# Hypothesis Testing

For each of the following questions, formulate a null and alternative hypothesis (be as specific as you can be), then give an example of what a true positive, true negative, type I and type II errors would look like. Note that some of the questions are intentionally phrased in a vague way. It is your job to reword these as more precise questions that could be tested.

 - Has the network latency gone up since we switched internet service providers?
 - Is the website redesign any good?
 - Is our television ad driving more sales?

###  - Has the network latency gone up since we switched internet service providers (ISPs)?

#### Null Hypothesis: 
The network latency has NOT changed since we switched internet service providers.
    
#### Alternative Hypothesis: 
The network letency has changed since we switched internet service providers.
    

#### True positive: 
Rejecting the null hypothesis when there is actually a significant difference in latency since we switched ISPs. (we said there was a relationship and there acutally is)


#### True Negative: 
Accepting the null hypothesis when there is no significant difference in latency since we switched ISPs. (we said there is no relationship and we are correct)

    
#### Type I Error (False Positive):
Rejecting the null hypothesis when there is actually no significant difference in latency between ISPs.
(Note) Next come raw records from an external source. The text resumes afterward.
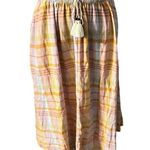 American Eagle  Plaid Linen Blend Pull-On Midi Skirt Medium Women’s Orange 4387 Photo 1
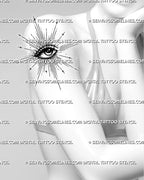 Mystical eye tattoo preview on women’s arm, with radiant rays, dotted texture, bold lashes, and celestial star details.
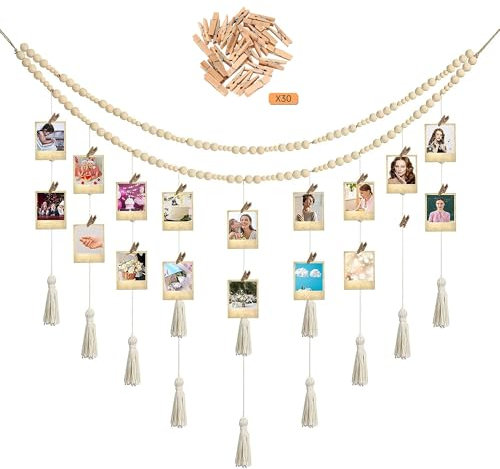 LadjproR Boho Fotowand Collage mit Holzklammern Handgefertigte Makramee-Fotorahmenwand mit Fransen Boho Wanddekoration für Wohnkultur, Schlafzimmer (A)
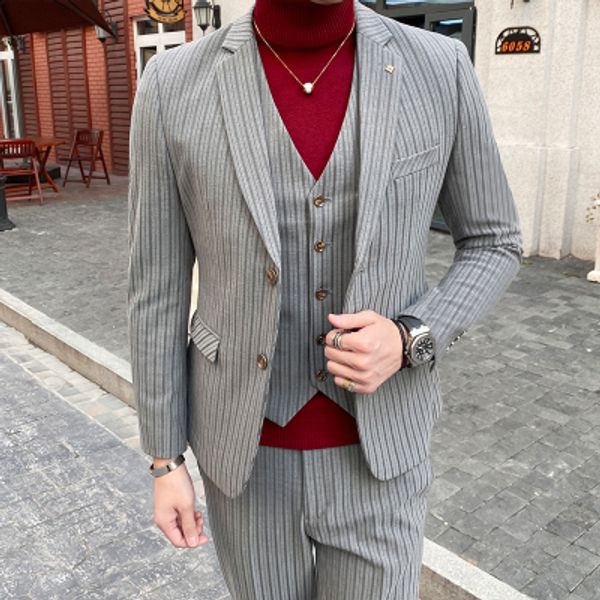 

plus size trendy british suit suit groom wedding dress groomsman three-piece korean nightclub professional dress handsome, White;black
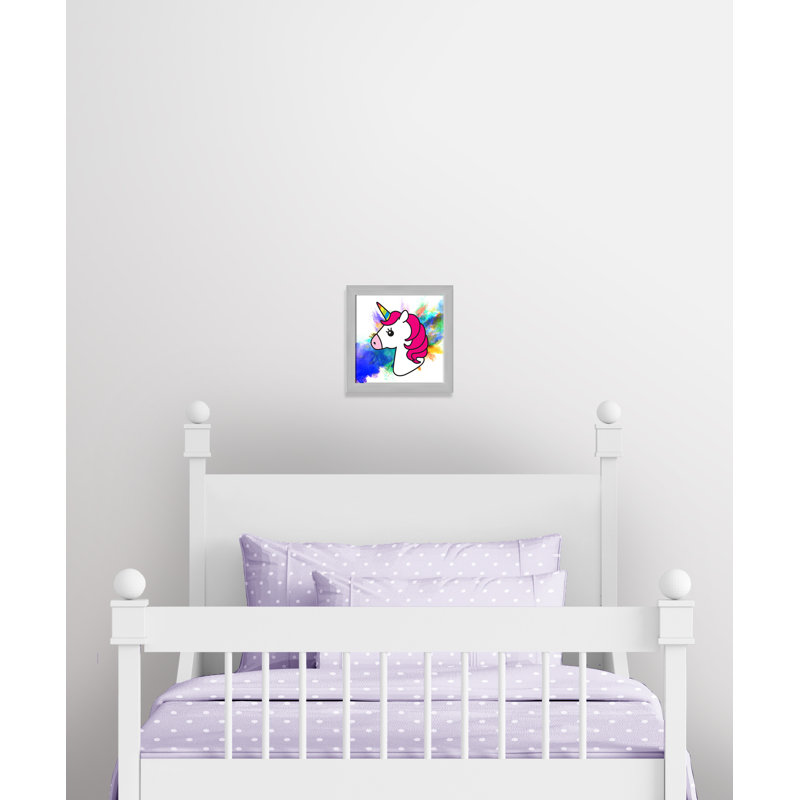 Art sur toile licorne arc-en-ciel, H 12 po x l 12 po x P 0,6 po, Encadré plat argent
#### Type II Error (False Negative):
Accepting the null hypothesis when there is actually a significant difference in latency between ISPs.



### - Is the website redesign any good?

#### Null Hypothesis: 
The website redesign has NOT changed our click through rate.
    
#### Alternative Hypothesis: 
The website redesign has changed our click through rate.
    
    
#### True positive: 
Data analysis reveals a significant change in the clickthrough rate after redesigning our website, which aligns with the alternative hypothesis.


#### True Negative:
Data analysis does not show any change in the clickthrough rate after redesigning our website which aligns with the null hypothesis.
    
    
#### Type I Error (False Positive): 
Data analysis indicates a significant change in the clickthrough rate after redesigning our website leading to the rejection of the null hypothesis. 

However, in reality, there is no actual change in the clickthrough rate, and the decrease is coincidental or due to other factors.

#### Type II Error (False Negative):
Data analysis does not show any change in the clickthrough rate after redesigning our website, we failed to reject the null hypothesis. 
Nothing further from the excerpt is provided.